And then there are other life questions, like where I want to live, what other people I want to bring into my life, and what kind of lifestyle I want us to have. I have zero answers to any of those questions, but finding them is undoubtedly going to require some risk. A wise friend of mine from treatment once said, "You have to be willing to risk being unhappy in order to be happy." I've never been willing to take that risk...until now. Maybe.

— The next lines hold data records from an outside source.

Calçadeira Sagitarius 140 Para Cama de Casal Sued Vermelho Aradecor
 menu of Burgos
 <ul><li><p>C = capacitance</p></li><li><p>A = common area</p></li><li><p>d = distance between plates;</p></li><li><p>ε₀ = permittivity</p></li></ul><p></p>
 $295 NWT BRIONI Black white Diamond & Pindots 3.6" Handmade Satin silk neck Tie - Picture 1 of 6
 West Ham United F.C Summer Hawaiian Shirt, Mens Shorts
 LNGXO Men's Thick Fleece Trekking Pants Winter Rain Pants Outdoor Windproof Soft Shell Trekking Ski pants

And now, for the 5777 sentence:

I don't know about you, but I am very concerned with everyone else's path. Specifically, I'm concerned with how "everyone" seems to be following one path, and I'm doing something different. I am a conformer and my deepest desire has always been to be a "normal person." I'm not positive, but I think what that means (right now, at least) is that I want to move through life in the same way my friends do, hitting the same milestones and having the same life goals. They just seem so happy, living the way they do. But it's just not for me. I want different things, or at least a different version of things, and it is very, very hard for me to accept being different and to believe that I'm still okay. Sometimes I actually can't go on social media because it is just too painful to look at all my normal, happy friends with their normal, happy lives. Laura McKowen tackles this "Facebook envy" in an absolutely amazing blog post that everyone should read , and her ultimate advice is this:

"Keep going, beauty. Let the Pictured point you to your longing. Consider the Not Pictured and adjust your perspective. Build your own wall and stand on top of it."

And that, I think, is the essence of where my work is: to allow the pain I feel when I compare my friends' paths with mine to guide me toward what I truly want for myself--and then to build my own life proudly. This year, I hope to make decisions that will lead me down the path that is right for me, and to do it knowing that my life also deserves to be celebrated, even if it looks different from other people's. I can make my path into one worth traveling.

Best wishes to all of you as we start the new year. May 5777 be a year of growth for us all!


Monday, September 5, 2016

Being Holey

You guys. I just finished the most AMAZING book:

www.goodreads.com

Not "amazing" as in, best writing I've ever seen, but "amazing" as in, Oh my G-d, this book understands me. I feel held by this book.

The plot lines of Glennon's life and my life don't really have much in common, but the subtexts sure do. Though I can't relate to being a wife and mother, I absolutely can relate to being mired in self-destruction and having to claw oneself out, only to discover that, Hey, adulting is hard. Life is hard. But life is also beautiful.

In one essay, Glennon writes about how we all live our lives searching for something. We each have an "unquenchable thirst," what author Anne Lamott calls our "God-sized hole." The struggle of life is trying to find things to fill this hole. Some people choose, perhaps obviously, to fill it with G-d. Other people fill it with work or relationships. And still other people, like Glennon and I, fill it with eating disorders and addiction. It all goes to the same purpose: feeling full. It's just that some people seek fullness from the wrong things.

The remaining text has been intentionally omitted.